How to organize eCommerce category pages

Let’s take two fictional websites to study:

1. The first website has 1000 products in a Calvin Klein category page

CK product pages
Just one category for all Calvin Klein products (Example: Not real case study website)

This was the situation of the brand before Louis started working with them.

2. Second website also has 1000 products, but instead of them all piled on the Calvin Klein category page, they are divided into subcategories on the main category page.

Each product type has it's own category page

This was the categorization Louis implemented with them.

As another example of the second website, take a look at this John Lewis page for the category Furniture & Lights.

Instead of listing every single product they have under this category, first, they present the user with subcategories.

The subcategories can be different rooms (Bedroom, Kitchen, Living Room, etc.), but also types of furniture (Sofas & Armchairs, Coffee Tables, etc.).

So, what happens with our two fictional websites in SERPs?

  1. Website #1 - The main Calvin Klein category page that lists all 1000 CK products will rank for 100s of keywords, such as Calvin Klein Jumpers, Calvin Klein Jeans, etc. However, it likely won’t rank higher than page 2 in Google for any of those.
  2. Website #2 - By breaking apart the main CK category into subcategories, each subcategory page can target a specific keyword itself. The subcategories better satisfy the search intent better and as a result rank higher than the pages of Website #1.

So now that you know why you should divide your main category page into subcategories and create hub pages, the question is: how do you organize your menu navigation?

How do you help users easily navigate your eCommerce website, but also help Google crawlers index everything properly?
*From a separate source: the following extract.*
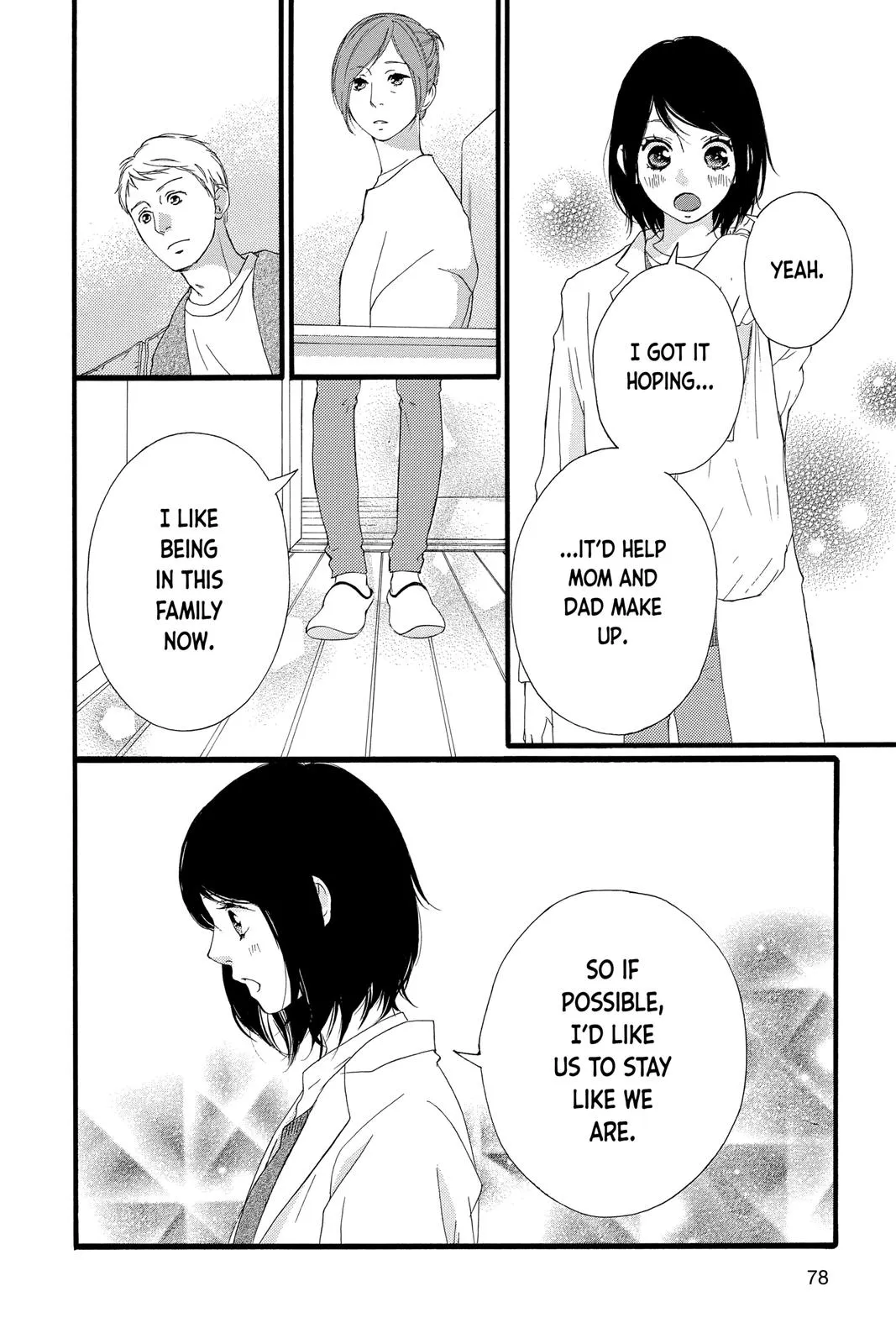 Read Love Me, Love Me Not (en) Manga Online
How to build great eCommerce Menu Navigations

Louis notes that the key to intuitive menu navigation is to keep it simple:

  • Plan out the navigation in a spreadsheet
  • Place the content categories and/or hubs within the navigation
  • Emphasize internal links, but don’t overdo it
“Some brands overcomplicate it. It’s good to have that internal linking there, but customers don’t want to look at 100 links in the navigation. No one’s got time for that.” - Louis Smith

A good example of keeping it simple is Apple’s menu navigation.

apple's menu

In their dropdown menu, they only have the base of their offer, which expands when you click on the section you want, breaking that cluster down.

apple's menu

Another benefit of a simple, logically structured nav menu is that Google’s bots can recognize the hierarchy and structure of your website, making its indexing easier.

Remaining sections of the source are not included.